Wisdom from a Kindergarten Teacher

On Wednesday, DH and I went to our first parent-teacher conference for our kindergartner.  We were discussing the usual topics and the subject of misbehavior came up.  Teacher Melissa uses a version of the time-out which she calls the "Power Place".  It's simply a small table and chair away from the action of the class where misbehaving kids can go and get their power back or, in other words they calm down, refocus, and adjust their attitudes so that they can rejoin the group.  To me, it is a fresh twist on the old time-out concept which inevitably ends up seeming like an isolation-type punishment.  

But something else struck me about this idea: how depression is related to one's power, or lack thereof.  I've searched for a logical reason why I suffer from depression.  If you have chronic depression, you know that there usually isn't anything logical about it, but that hasn't stopped me from wondering, WHY?  Well, Teacher Melissa may have answered that, at least in part.  I get depressed because I feel powerless.  I get depressed in the winter because I am powerless against the weather.  In that situation, I feel that I am without acceptable choices and powerless to change things.  Conversely, when I am feeling good, I feel powerful.  And when I feel powerful, I feel good.
So how do I get my power back when I start feeling down?  
Or do I need to be more accepting of this powerlessness?  It's not a good feeling.


Tumble Fish Studio said...

Hey Debra . . . out touring the Altered Start group's blogs. Your's looks great!
I know exactly what you mean about power and happiness, etc. My hubby always tells me I look completely different when I'm happy and I know when I feel trapped, down, and defeatist I don't feel well physically either. Maybe WE need power place to sit and ponder! I'll email you offline.
Great site - keep going! Marsha

Jill said...

Wow! That sure is a refreshing way to put a positive spin on time-out! Hope your kindergarten experiences continue to be positive ones.

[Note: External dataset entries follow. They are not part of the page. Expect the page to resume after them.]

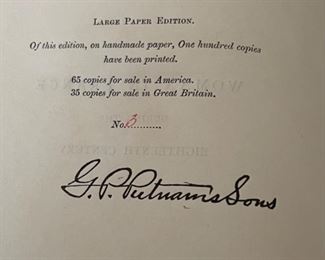 Antique 2 Volume Woman in France During The Eighteenth Century Kavanagh Vol 1&2 10.25x7.25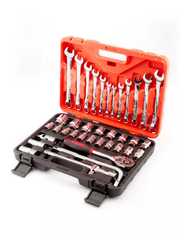 Набор инструментов SRUNV в кейсе 38 предмета фото 4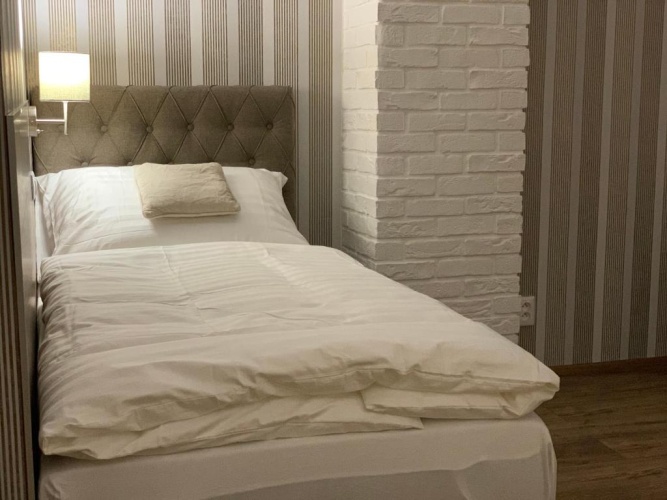 Standard Quadruple room with balcony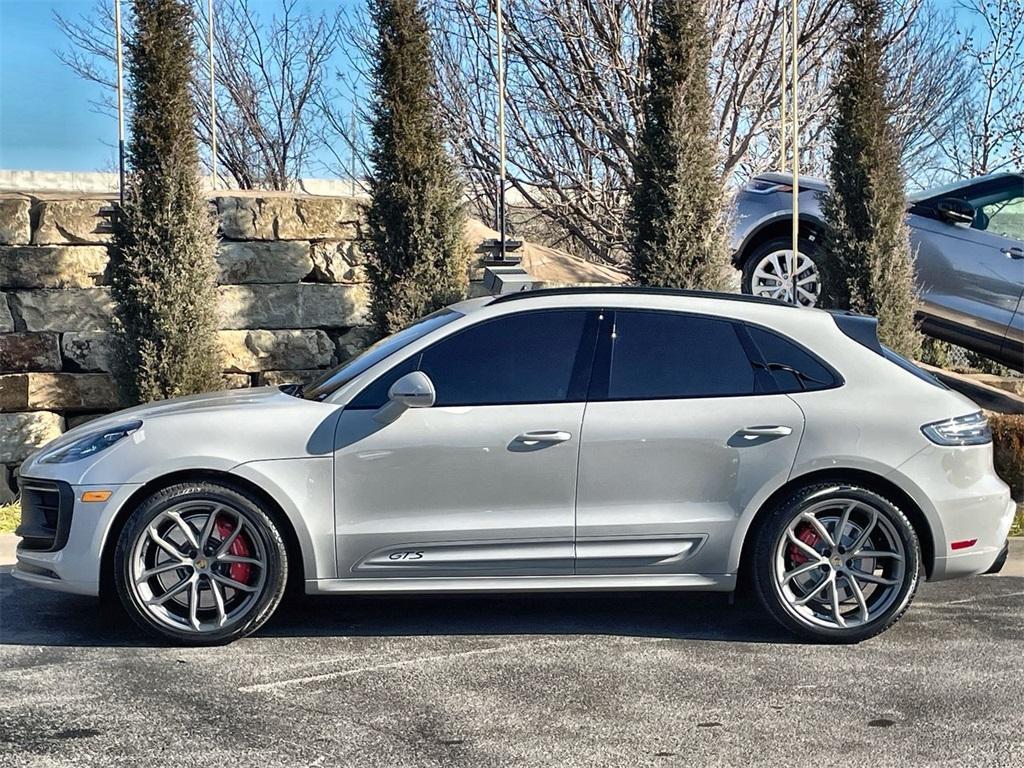 used 2024 Porsche Macan car, priced at $92,991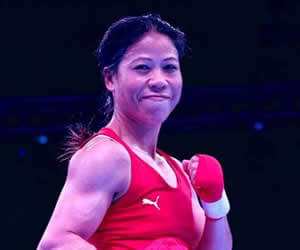 Mary kom - images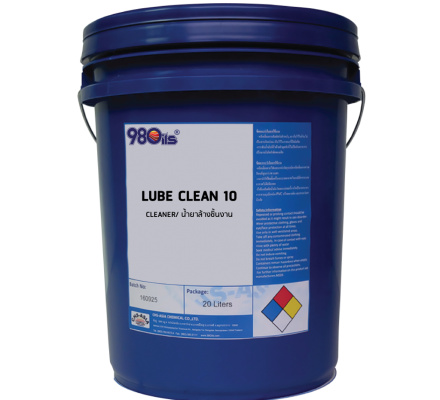 Dầu tẩy rửa rỉ sét và chống rỉ sét kim loại Lube-Clean SA20 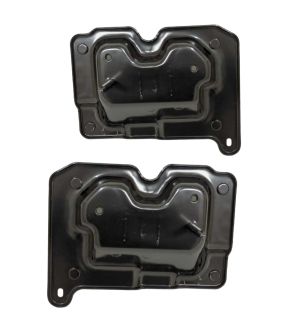 Bumper Bracket And Hardware Set For 11-12 Hyundai Elantra, 13-14 Hyundai Elantra Coupe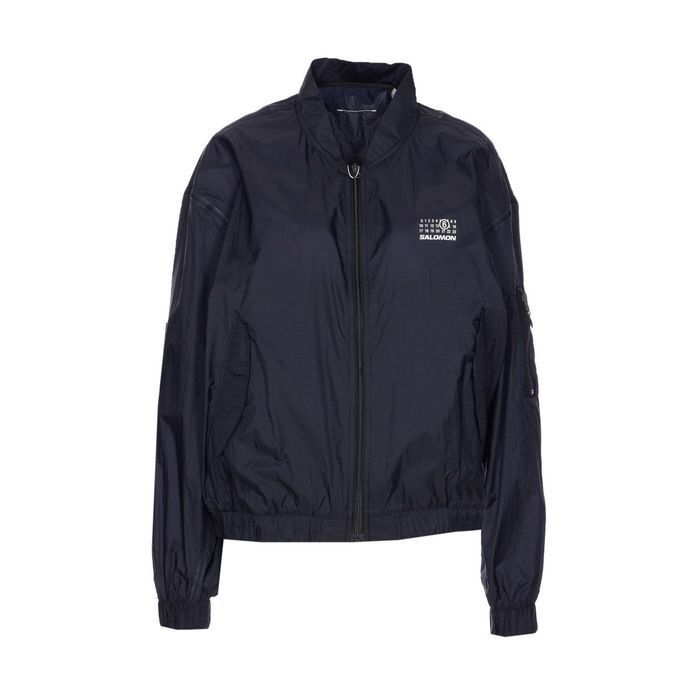 ジャケット MM6 Maison Margiela MM6 X SALOMON LOGO SPORT JACKET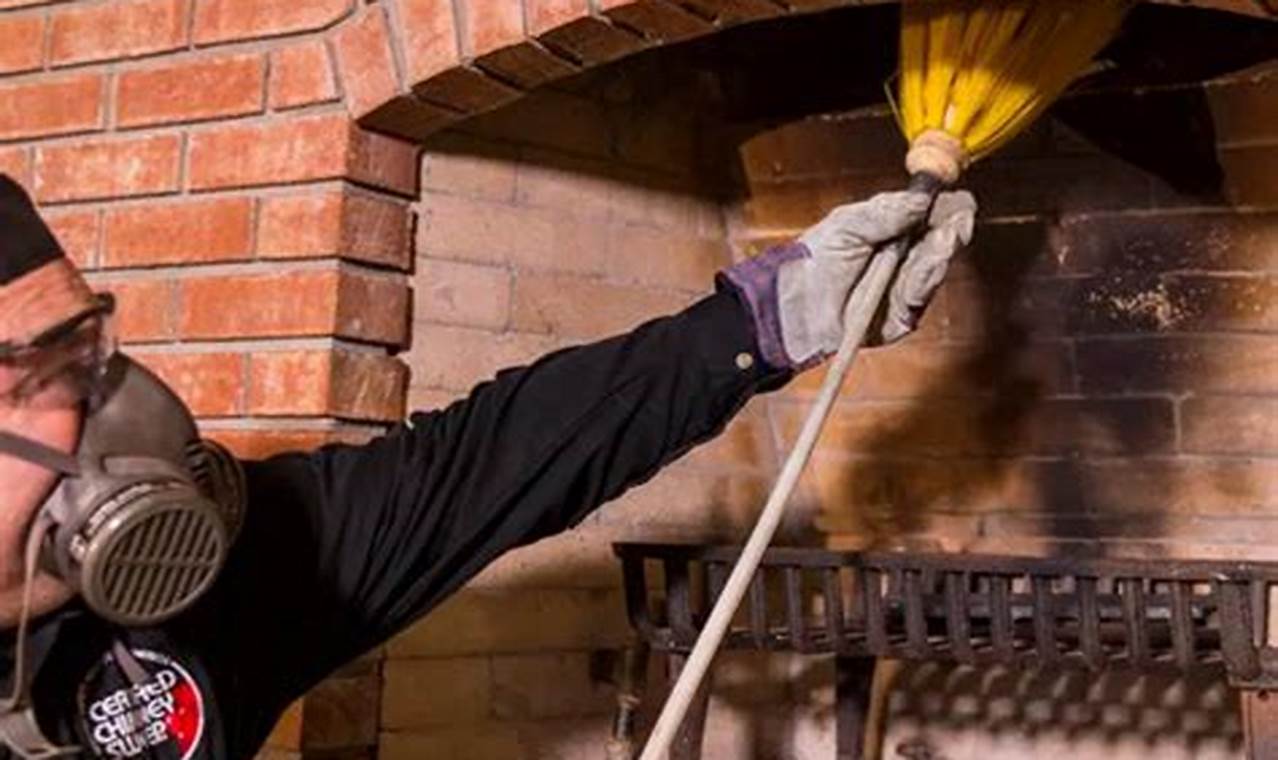 Pro Chimney Cleaners & Inspectors: Safety First! | Chimney Works – Expert Chimney Repair, Cleaning & Installation Services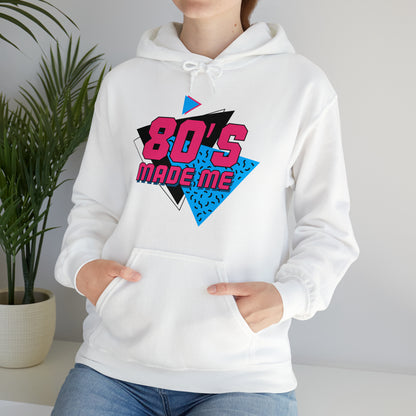 80's Made Me Unisex Heavy Blend™ Hooded Sweatshirt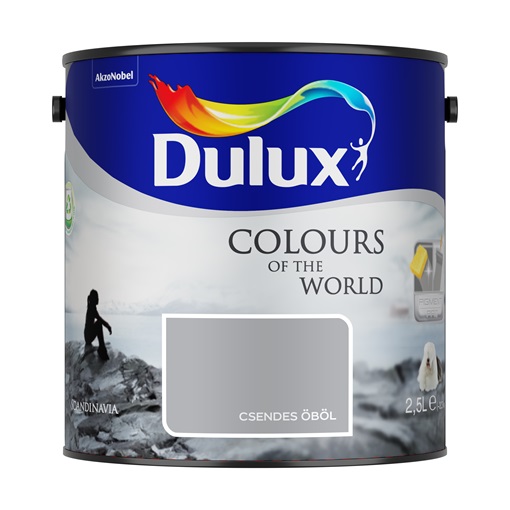 Dulux Nagyvilág Színei Csendes öböl 2,5 L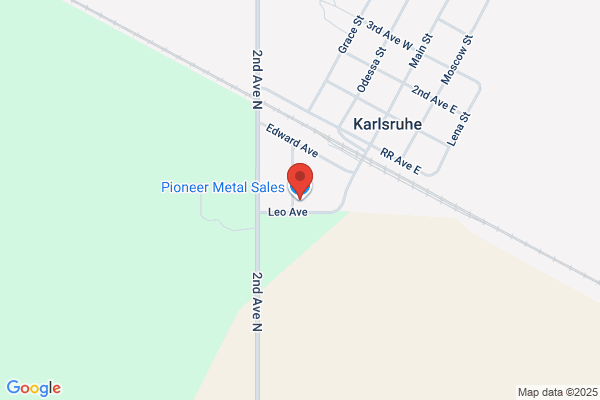 Pioneer Metals Inc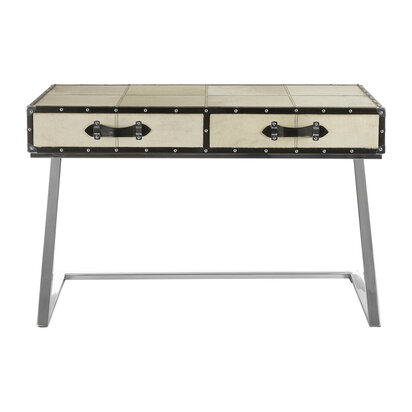 Kensington Townhouse Mango Wood Console Table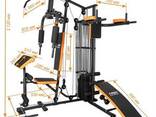 Силовой тренажер Alpin Multi Gym GX-400 - фото 2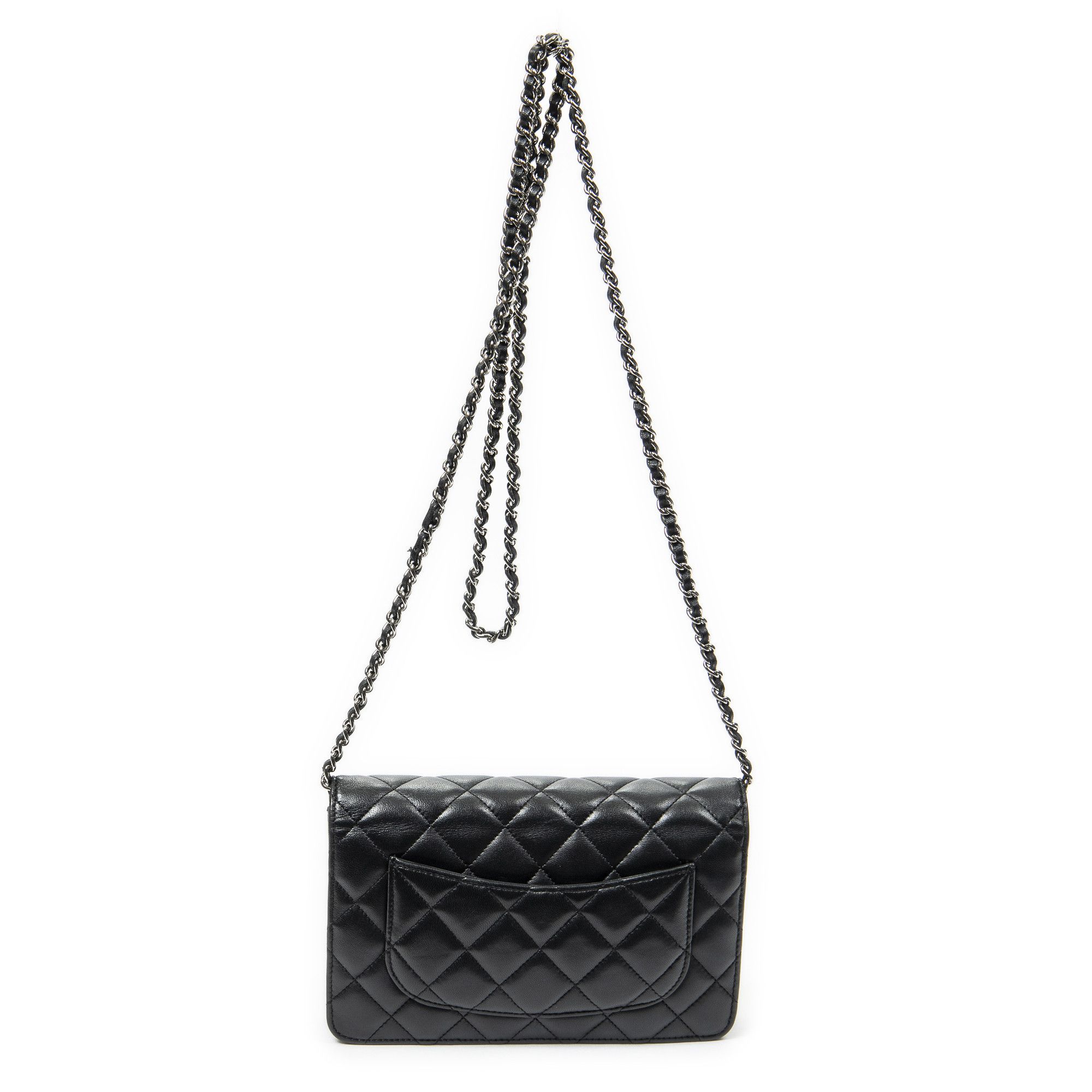 Chanel CC Wallet on Chain Size ONE SIZE - 5 Thumbnail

My "power" came back when i went back to work full-time and feel like a contributing part of my household instead of a drain. I feel powerful because of the position I have and the work that I do. I feel needed because I help all of these brave men and women who fight for us in our military. I hate to think that a paycheck = power, because that's just a small part of it. Being home a full-time SAHM last year was not the best thing for my brain!